A simple implementation of a Neural Network library written in C, accelerated with NVIDIA's CUDA for matrix operations.
This library focuses on demonstrating the performance benefits of using CUDA for parallelizing matrix operations.
The library provides fundamental components for building and training simple, fully-connected neural networks.
- Core Components: Basic building blocks like matrices, layers, and activation functions.
- CUDA Acceleration: Key matrix operations are offloaded to the GPU using custom CUDA kernels for significant speed-up.
- Simple API: A straightforward interface for creating, training, and evaluating neural networks.

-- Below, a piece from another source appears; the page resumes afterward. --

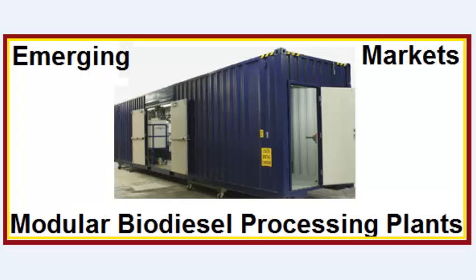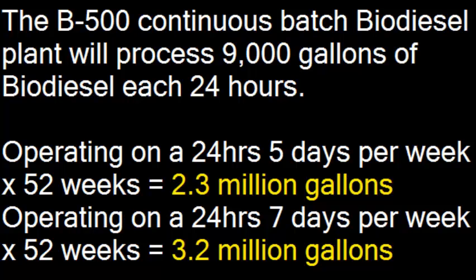Simply add your inputs for your caustic and your feedstock and you're producing. The B500 Continuous Batch Biodiesel Processor will process 9,000 gallons of biodiesel each 24 hours. If you do that 5 days a week, your plant will produce 2.3 million gallons per year.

- Example Implementation: Includes an example of a network that learns the XOR function.
.
├── CMakeLists.txt
├── README.md
└── src
├── cuda_kernels.cu # CUDA kernels for GPU-based matrix operations
├── cuda_kernels.h # Headers for the CUDA kernels
├── main.c # Benchmark program
├── matrix.c # matrix functions
├── matrix.h # Headers for matrix functions
├── nn.c # Core neural network logic
├── nn.h # Headers for the neural network
└── xor.c # Example: Training a network to solve XOR
- A C Compiler (e.g., GCC, Clang)
- CMake (version 3.18 or higher)
- NVIDIA CUDA Toolkit (for GPU acceleration)
-
Clone the repository:
git clone <repository-url> cd nn.c-uda
-
Create a build directory:
mkdir build cd build -
Run CMake and build the project:
cmake .. cmake --build .
After building, two executables will be available in the build directory (or a subdirectory like build/Debug on Windows).
-
Run the XOR Example: This program trains a small network to solve the XOR problem.
./nn_c_uda_xor
-
Run the Performance Benchmark: This program trains a larger network on a big batch of random data, first using the GPU and then using only the CPU, to compare the time taken.
./nn_c_uda_benchmark